ACTIVITY = Nothing is needed except the lines below that run from the one with "Estrutura de cama" through the one with "OH license plate GLG2574", repeated exactly.

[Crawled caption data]
________________________________________

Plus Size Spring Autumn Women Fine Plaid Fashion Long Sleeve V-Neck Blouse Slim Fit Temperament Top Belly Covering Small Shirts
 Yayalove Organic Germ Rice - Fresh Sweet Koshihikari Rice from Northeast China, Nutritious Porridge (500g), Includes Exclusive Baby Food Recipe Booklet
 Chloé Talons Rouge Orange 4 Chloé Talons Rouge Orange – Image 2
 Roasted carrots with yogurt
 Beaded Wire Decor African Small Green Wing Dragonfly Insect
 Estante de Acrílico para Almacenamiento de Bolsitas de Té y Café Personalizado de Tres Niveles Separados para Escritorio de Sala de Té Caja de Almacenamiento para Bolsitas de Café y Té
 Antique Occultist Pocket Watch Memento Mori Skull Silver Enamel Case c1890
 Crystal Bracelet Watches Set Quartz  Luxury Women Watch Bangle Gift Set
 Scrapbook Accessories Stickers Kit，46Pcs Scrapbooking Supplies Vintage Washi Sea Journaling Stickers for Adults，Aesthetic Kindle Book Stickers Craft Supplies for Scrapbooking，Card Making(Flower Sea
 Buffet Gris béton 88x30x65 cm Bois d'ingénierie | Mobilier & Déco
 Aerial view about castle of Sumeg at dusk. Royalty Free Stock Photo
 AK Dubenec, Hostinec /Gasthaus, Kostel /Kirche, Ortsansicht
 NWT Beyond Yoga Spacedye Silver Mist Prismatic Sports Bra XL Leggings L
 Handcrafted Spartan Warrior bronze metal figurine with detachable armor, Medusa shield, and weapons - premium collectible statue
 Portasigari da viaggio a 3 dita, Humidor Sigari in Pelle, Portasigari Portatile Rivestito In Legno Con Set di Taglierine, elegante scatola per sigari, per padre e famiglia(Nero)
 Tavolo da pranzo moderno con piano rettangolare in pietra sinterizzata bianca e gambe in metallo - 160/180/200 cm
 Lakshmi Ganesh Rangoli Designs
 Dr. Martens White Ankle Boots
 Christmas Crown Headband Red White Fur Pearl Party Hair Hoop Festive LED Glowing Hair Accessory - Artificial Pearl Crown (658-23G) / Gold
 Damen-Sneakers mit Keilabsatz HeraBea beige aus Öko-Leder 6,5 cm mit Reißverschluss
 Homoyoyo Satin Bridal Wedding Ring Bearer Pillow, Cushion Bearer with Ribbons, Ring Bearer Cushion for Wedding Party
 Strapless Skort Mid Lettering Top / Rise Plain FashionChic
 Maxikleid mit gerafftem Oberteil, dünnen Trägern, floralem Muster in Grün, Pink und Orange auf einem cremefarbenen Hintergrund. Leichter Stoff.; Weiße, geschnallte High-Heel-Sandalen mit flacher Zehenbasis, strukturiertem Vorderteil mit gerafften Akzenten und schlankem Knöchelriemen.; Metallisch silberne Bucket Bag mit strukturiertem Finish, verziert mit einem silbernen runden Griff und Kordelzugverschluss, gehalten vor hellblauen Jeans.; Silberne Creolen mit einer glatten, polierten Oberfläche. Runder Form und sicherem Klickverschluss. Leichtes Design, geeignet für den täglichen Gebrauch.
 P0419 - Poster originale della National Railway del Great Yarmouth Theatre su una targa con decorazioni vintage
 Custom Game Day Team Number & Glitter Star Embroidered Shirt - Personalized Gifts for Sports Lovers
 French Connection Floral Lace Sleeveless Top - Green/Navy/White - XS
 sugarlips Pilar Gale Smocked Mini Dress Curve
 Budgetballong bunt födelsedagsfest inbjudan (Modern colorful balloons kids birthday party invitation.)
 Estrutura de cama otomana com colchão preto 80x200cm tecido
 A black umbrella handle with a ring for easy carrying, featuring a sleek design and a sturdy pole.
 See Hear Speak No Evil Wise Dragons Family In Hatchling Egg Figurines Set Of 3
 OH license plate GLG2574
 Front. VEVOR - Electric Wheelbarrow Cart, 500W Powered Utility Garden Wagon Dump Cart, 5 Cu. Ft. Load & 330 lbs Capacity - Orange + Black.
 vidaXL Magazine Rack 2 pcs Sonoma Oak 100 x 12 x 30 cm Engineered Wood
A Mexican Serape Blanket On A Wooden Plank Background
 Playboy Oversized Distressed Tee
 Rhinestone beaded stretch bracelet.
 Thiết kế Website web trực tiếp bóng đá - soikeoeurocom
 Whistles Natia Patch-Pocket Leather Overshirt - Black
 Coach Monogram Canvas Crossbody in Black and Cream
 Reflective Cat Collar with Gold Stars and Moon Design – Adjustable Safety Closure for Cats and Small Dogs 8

________________________________________

EXERCISE ANSWER =
 Estrutura de cama otomana com colchão preto 80x200cm tecido
 A black umbrella handle with a ring for easy carrying, featuring a sleek design and a sturdy pole.
 See Hear Speak No Evil Wise Dragons Family In Hatchling Egg Figurines Set Of 3
 OH license plate GLG2574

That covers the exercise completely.